Print only the lines below from the one with "Cross section of" to the one with "jpg 子宫内膜薄.jpg", both included, exactly as they stand. Leave pictures out.

• **Records supplied**:
<<<<

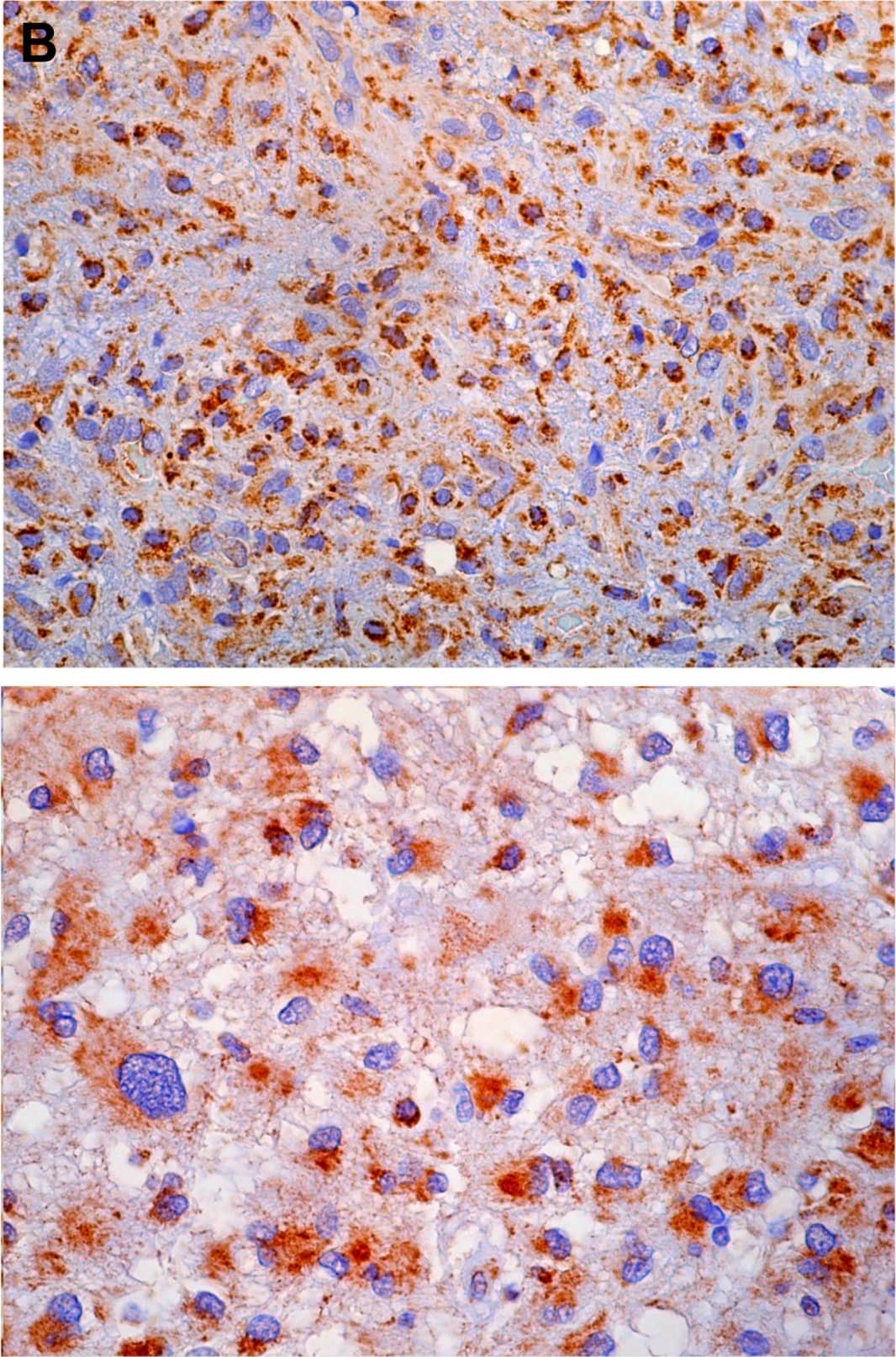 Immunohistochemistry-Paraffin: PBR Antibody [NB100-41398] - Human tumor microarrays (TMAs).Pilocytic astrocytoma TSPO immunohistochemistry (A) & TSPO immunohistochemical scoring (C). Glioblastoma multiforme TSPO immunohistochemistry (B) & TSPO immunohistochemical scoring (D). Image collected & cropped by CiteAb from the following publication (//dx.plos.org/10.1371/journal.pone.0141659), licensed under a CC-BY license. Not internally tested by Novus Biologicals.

>>>>
<<<<

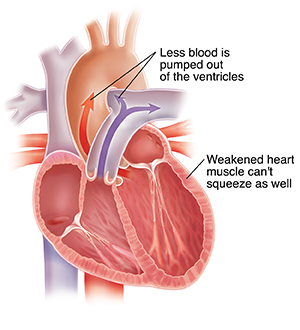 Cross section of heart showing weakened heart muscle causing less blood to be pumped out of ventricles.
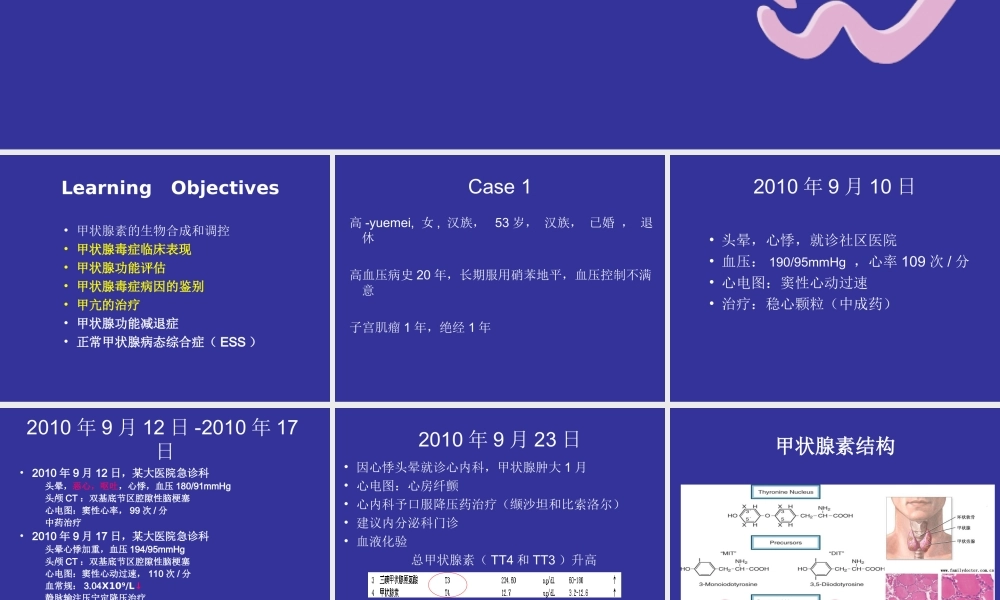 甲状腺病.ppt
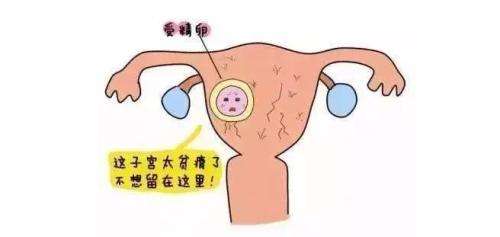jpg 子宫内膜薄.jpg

>>>>
<<<<

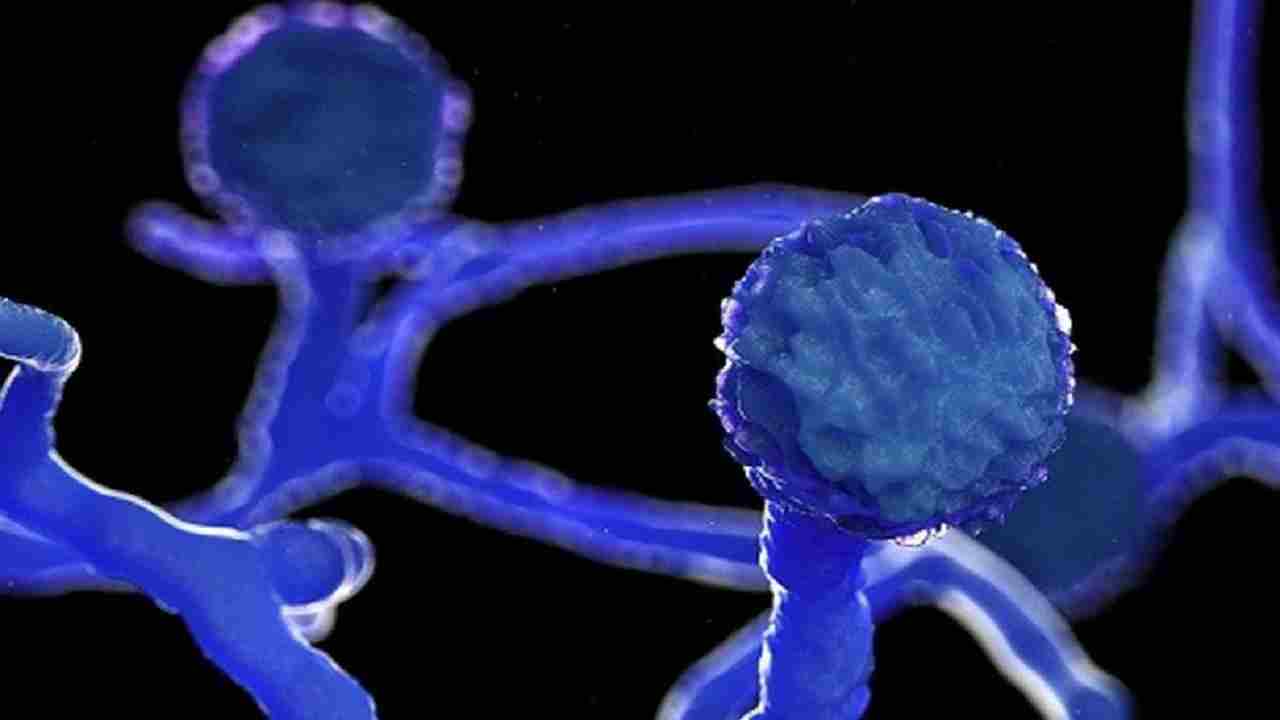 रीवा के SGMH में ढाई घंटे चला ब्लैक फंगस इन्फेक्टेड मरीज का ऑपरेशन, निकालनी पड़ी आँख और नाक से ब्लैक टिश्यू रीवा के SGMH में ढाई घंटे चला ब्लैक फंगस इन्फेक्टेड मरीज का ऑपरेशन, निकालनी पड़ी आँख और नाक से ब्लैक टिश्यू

>>>>

• **Result of this task**:
 Cross section of heart showing weakened heart muscle causing less blood to be pumped out of ventricles.
 甲状腺病.ppt
jpg 子宫内膜薄.jpg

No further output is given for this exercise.